• **INPUT MATERIAL**
☆ ☆ ☆ ☆ ☆ ☆ ☆
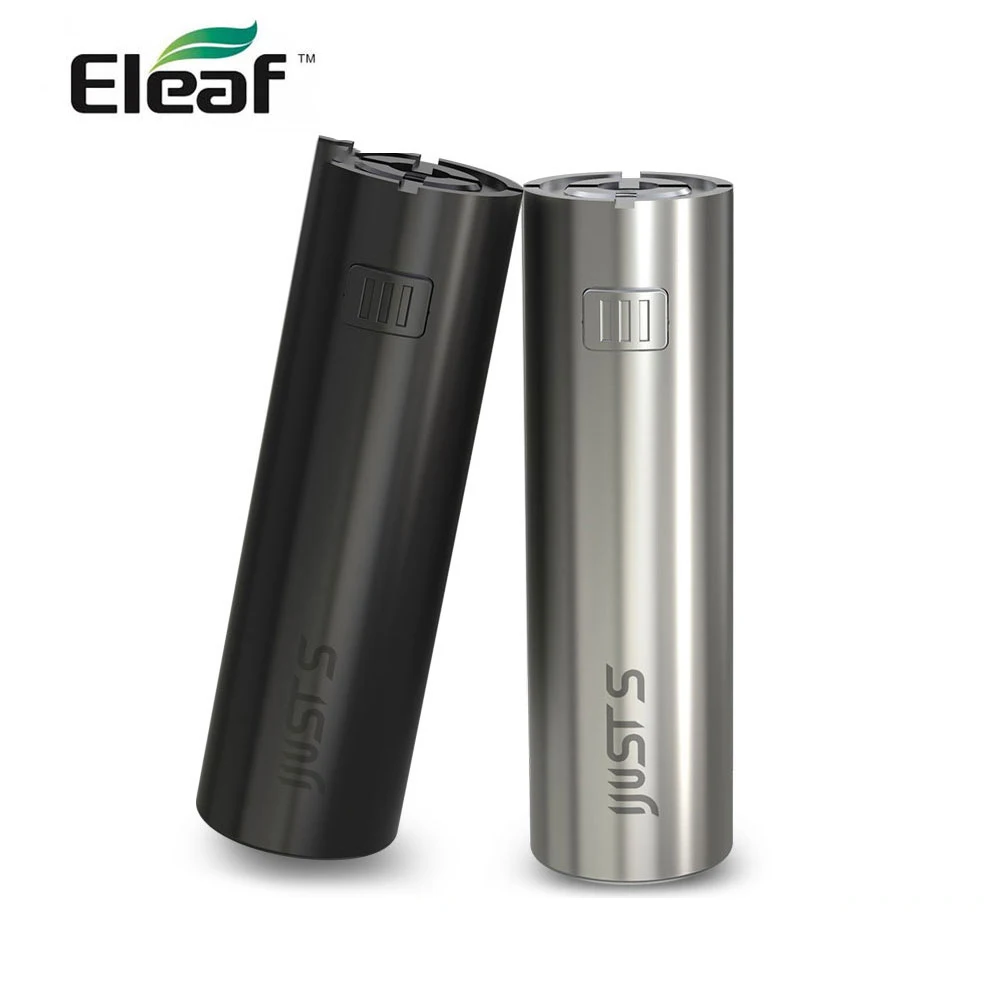 Оригинальный стартовый набор Eleaf iJust S 3000 мАч длинная батарея 24 5 мм Головка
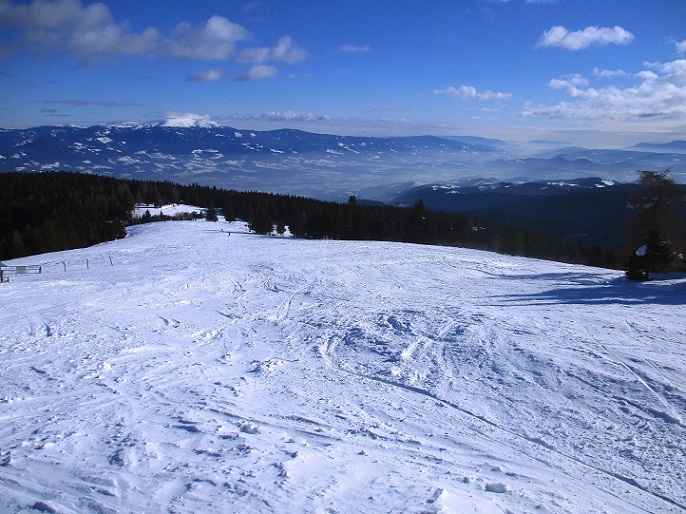 Foto: Andreas Koller / Skitour / Tour Saualpe auf die Ladinger Spitze (2079m) / 30.01.2021 01:53:15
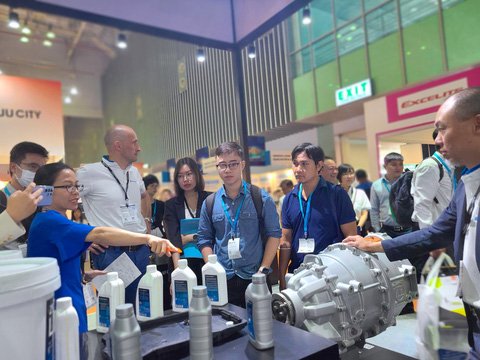 Ngành phụ tùng ô tô còn nhiều dư địa phát triển tại Việt Nam phutungzf.vn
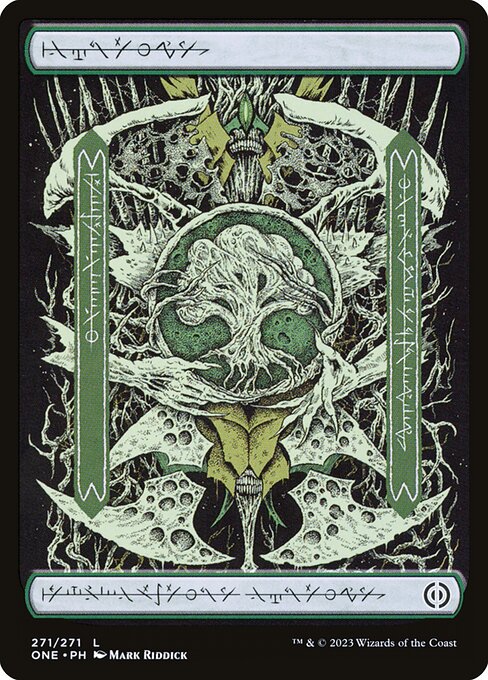 Forest - Phyrexia: All Will Be One - 271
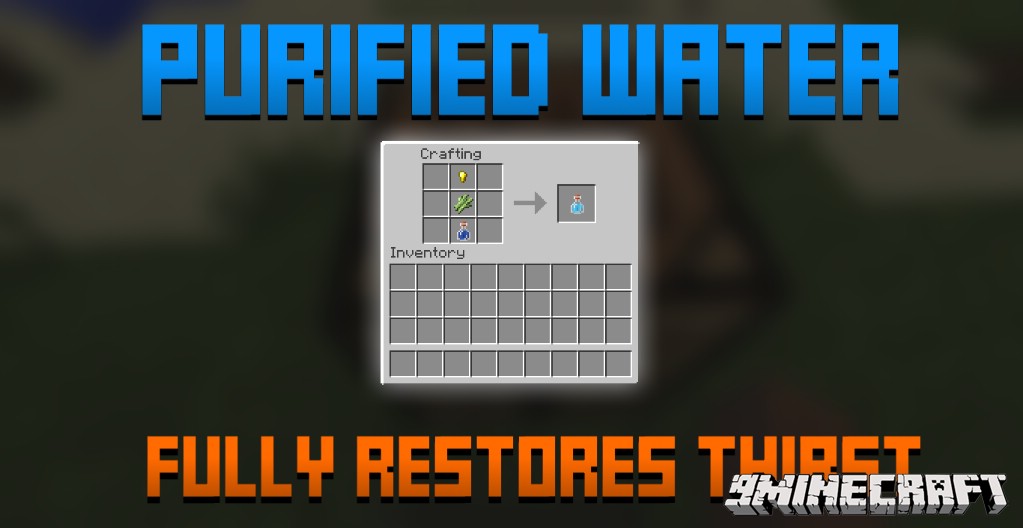 Thirst Mod by duke_Frans 1.7.10 6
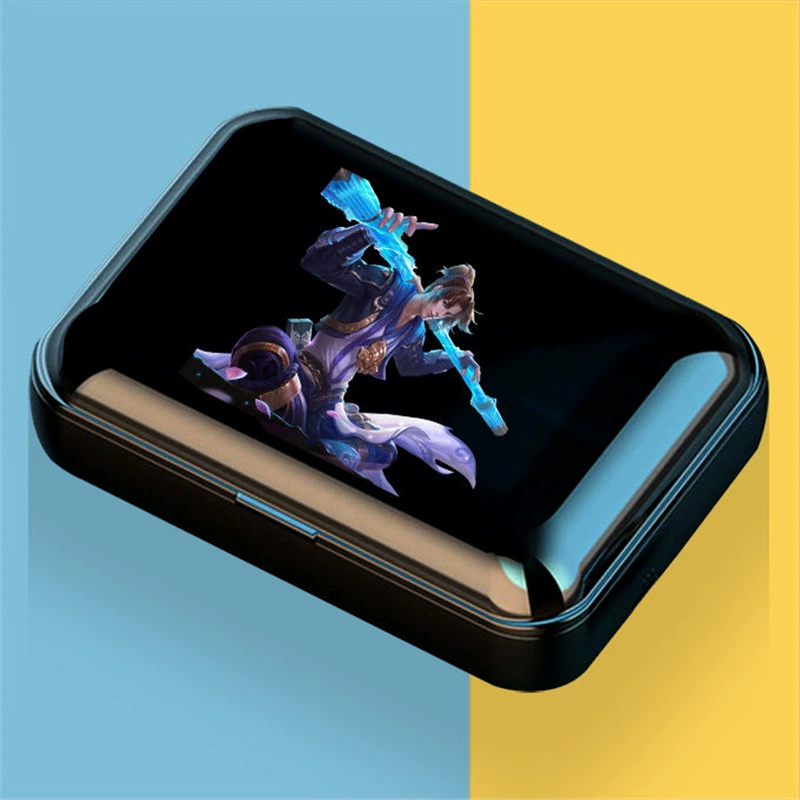 Беспроводные Bluetooth наушники Li Bai Daji Zhao Yun для игр и музыки с шумоподавлением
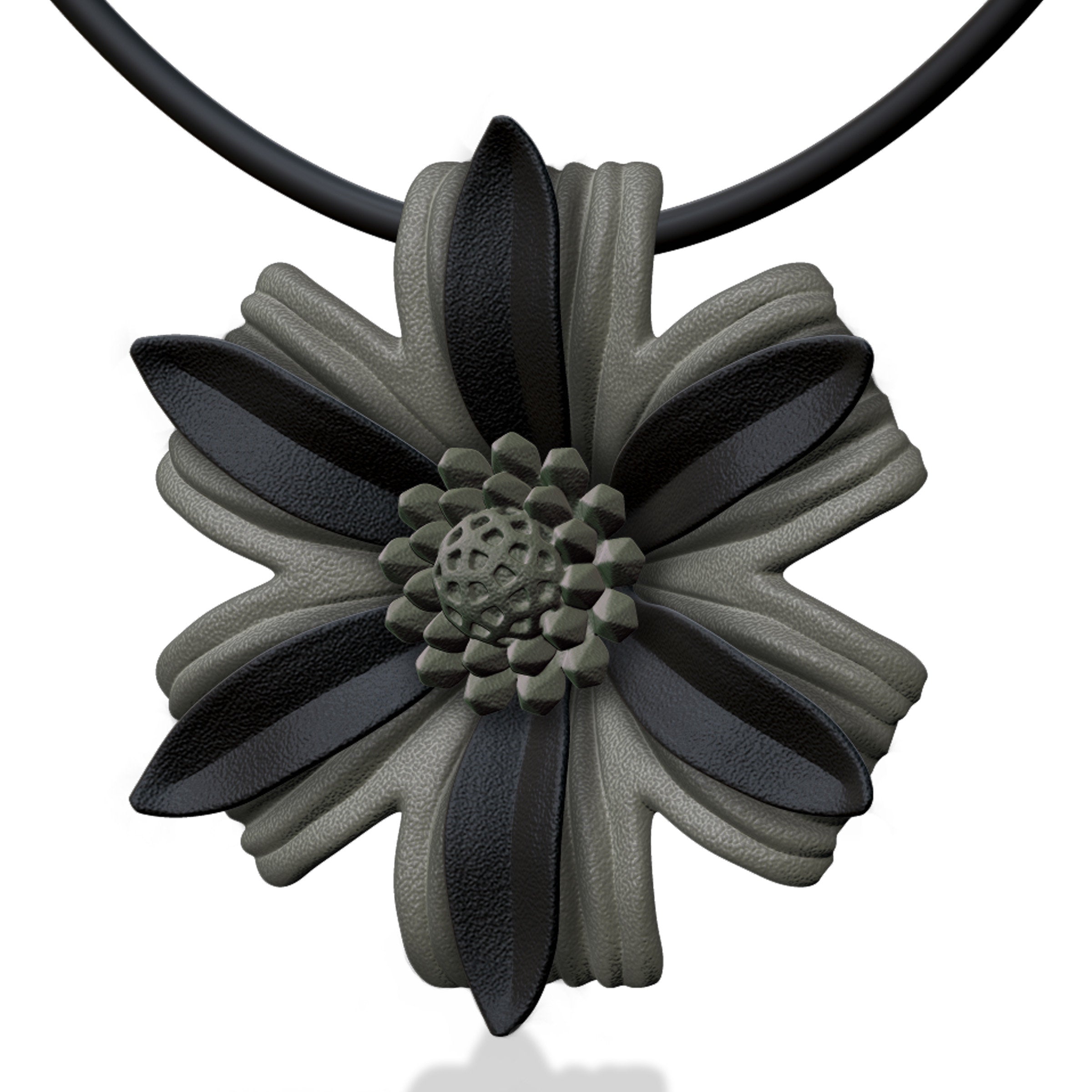 Gray/Black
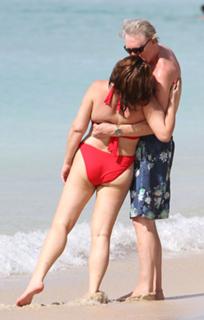 Jane McDonald feet photo 6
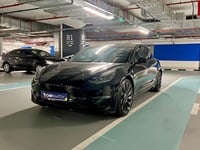 Used 2021 Tesla Model 3 for sale in Abu Dhabi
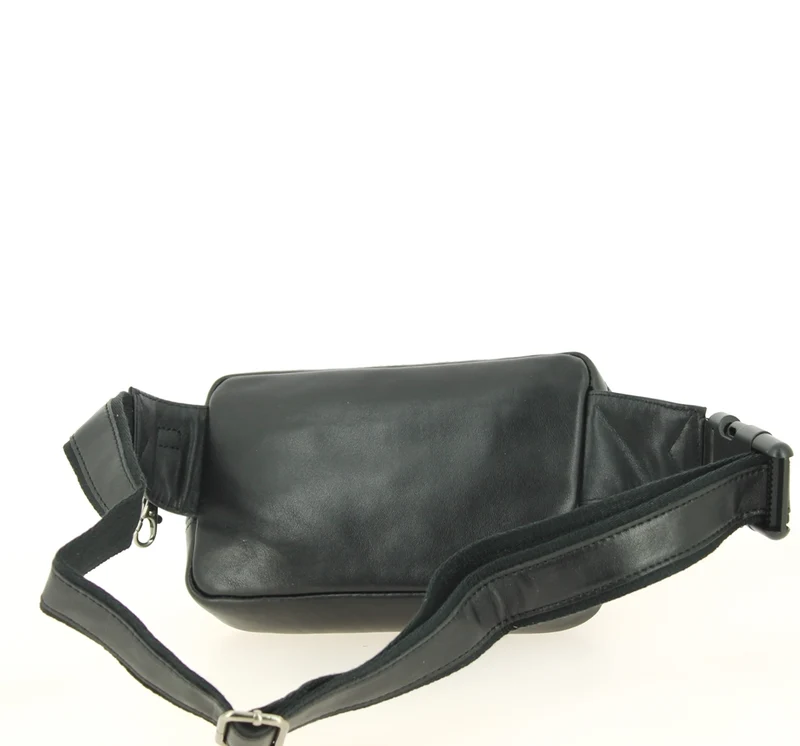 BANANE FRANCINEL CUIR Noir
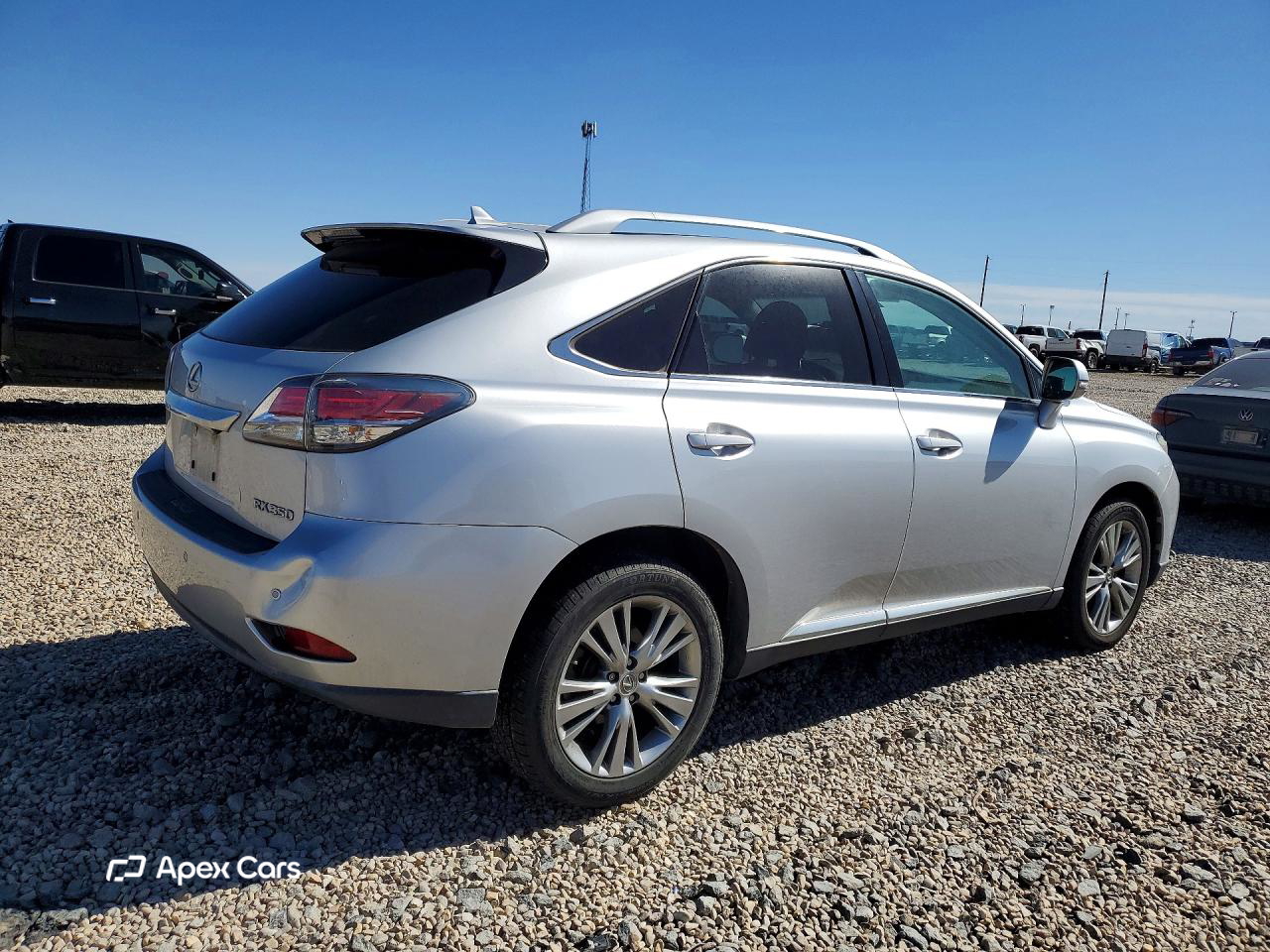 Lexus RX 2013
☆ ☆ ☆ ☆ ☆ ☆ ☆
• **WHAT IS NEEDED**
Go through the listing above and write it all out exactly, leaving out any picture.

• **ANSWER TO THE PROBLEM**
 Оригинальный стартовый набор Eleaf iJust S 3000 мАч длинная батарея 24 5 мм Головка
 Foto: Andreas Koller / Skitour / Tour Saualpe auf die Ladinger Spitze (2079m) / 30.01.2021 01:53:15
 Ngành phụ tùng ô tô còn nhiều dư địa phát triển tại Việt Nam phutungzf.vn
 Forest - Phyrexia: All Will Be One - 271
 Thirst Mod by duke_Frans 1.7.10 6
 Беспроводные Bluetooth наушники Li Bai Daji Zhao Yun для игр и музыки с шумоподавлением
 Gray/Black
 Jane McDonald feet photo 6
 Used 2021 Tesla Model 3 for sale in Abu Dhabi
 BANANE FRANCINEL CUIR Noir
 Lexus RX 2013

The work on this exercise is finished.